According to Paul A Samuelson

  • Fiscal policy is concerned with all those arrangements which are adopted by the government to collect the revenue and make expenditures so that economic stability can be attained without inflation or deflation.

Tools or instruments of Fiscal policy

  • Government expenditure
  • Taxes (direct and indirect taxes)
  • Deficit financing (government borrowing and printing of new notes)
  • Subsidies
  • Transfer payments

Objectives of Fiscal Policy

  • Price Stability
  • Raising employment level
  • Redistribution of Income
  • Economic development

Deficit Financing

Deficit financing is a policy where the government finances its expenditure via borrowing.
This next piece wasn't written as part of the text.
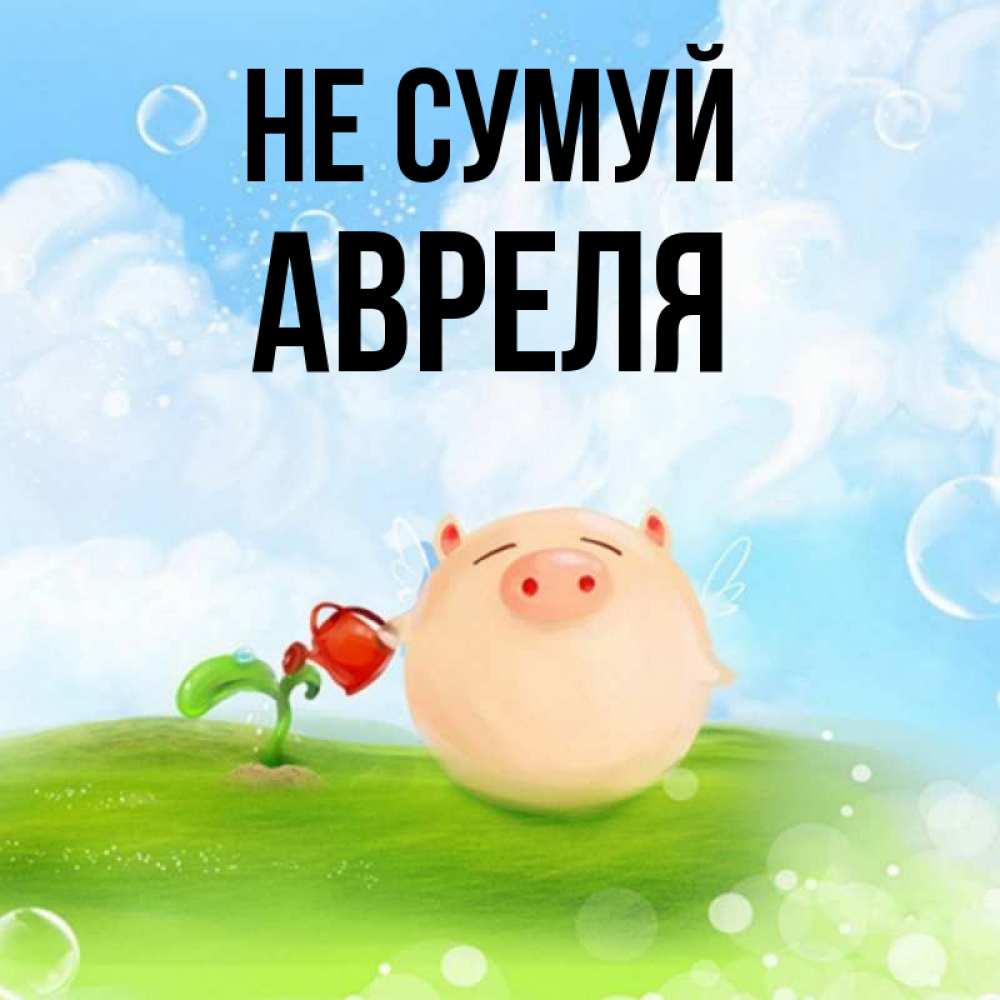 Открытка на каждый день з підписом, Авреля Не сумуй поливает цветок порося Прикольна листівка з побажанням онлайн скачати безкоштовно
The purpose of deficit financing is to raise revenue and meet budget deficit.

According to Mahboob ul Haq “Deficit financing represents the gap between estimated revenues and estimated government expenditure”. To meet such deficit government borrows from various sources such as.

  • Borrowing from banks (Central and commercial banks)
  • Borrowing from non-bank institutes such as insurance companies and saving institutes.
  • Printing of new notes

Public Debt

Public debt is the sum total of the borrowings of the federal government of a country. It is also called Sovereign debt or national debt. It includes both internal and external debt. It is the sum of past budget deficits minus the sum of past budget surpluses. A government budget deficit increases government debt. A persistent budget deficit feeds itself: It leads to increased borrowing, which leads to larger interest payments, which in turn lead to a larger deficit.